During the panel discussion, hosted at Great Divide Brewing Company, John Bryant, the owner of No-Li Brewhouse, along with Wormtown Brewery managing partner David Fields and Great Divide senior director of finance Bryan Slekes, agreed that a strong balance sheet would help small beer companies avoid compromising their integrity.

“If you can get your balance sheet as strong as possible, it allows you to make the intelligent decisions you know to make,” Bryant said.

One path to establishing a strong financial base is through taproom sales, suggested Fields, whose brewery has built its business through local distribution.

“If you’re in a position to sell 100 percent of your beer in your taproom, do it,” Fields said. “Don’t worry about distribution just yet because you’ll get a really strong balance sheet really quickly if you don’t have to worry about managing a distributor relationship because it is a business within a business.”

Slekes echoed those suggestions, and argued that brewers should resist the urge to chase volume in faraway markets, even if they took on debt to scale their operations. He added that brewery owners should continually articulate those plans with investors and wholesalers.

“If that means I write a couple more bank memos every once in awhile, so be it,” he said.

Slekes also admitted that Great Divide had a “tough” 2016, but said the company is now on pace to sell about 40,000 barrels of beer this year. 60 percent of those sales will occur within the brewery’s home state of Colorado, he added.

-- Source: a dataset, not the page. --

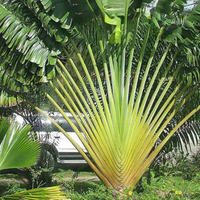 Palma el viajero: la planta que no puede faltar en tu jardín y que es tendencia en decoración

In addition to distribution strategies, the group also discussed the importance of maintaining price integrity and earning mindshare with wholesalers through premium pricing.

“You’re one line item on probably 150, and you’ll be ranked on the dollars that you bring in and the percent black or red that you’re trending,” Bryant said, suggesting that brewers maintain strong margins and dollars on every item they sell to distributors.

Fields, meanwhile, urged brewers to build strong relationships with wholesalers, noting that they are ultimately a beer manufacturers largest customer. To make his point, Fields recalled a time in 2012 when he had to work to strengthen a relationship with Boston’s Burke Distributing, who has since become Wormtown’s top beer distributor.

To do so, Fields said he asked Burke’s vice president of sales how the brewery could be a better partner. Here’s what he heard: “You are ruining relationships with some of our biggest customers because you cannot get us the beer we need.”

“That was an aha-moment for me,” Fields said.

At the time, Wormtown was only selling Burke about 50 cases of beer for off-premise accounts, and it wasn’t enough to satisfy demand from the wholesaler’s largest customer, who was accustomed to buying thousands of cases from larger brands.

After weighing the option of pulling back distribution from the market, Fields said Wormtown constructed a growth plan that would create more consistency for Burke.

“That was a challenge, and it was expensive to figure out how to make that happen, but we ultimately did,” he said, noting that Wormtown is on pace to produce about 27,000 barrels of beer in 2017.

Meanwhile, Bryant said he has worked to not only build No-Li into “a craft beer epicenter for the state of Washington,” where 90 percent of the company’s beer is sold, but also into “a cause.”

“If I don’t believe it’s a cause, then I shouldn’t get out of bed because it’s too much damn work,” he said. “You have to believe that it’s a cause and that because you exist in this room, the world’s a better place or craft beer is a better place or your community is a better place.”

No-Li’s path to 14,000 barrels of annual output hasn’t been without struggles, Bryant added. But his message for brewers was to keep taking risks.

“You’re either going to fight like a son of a bitch and figure it out, or you’re going to give up,” he said. “Don’t give up that strength.”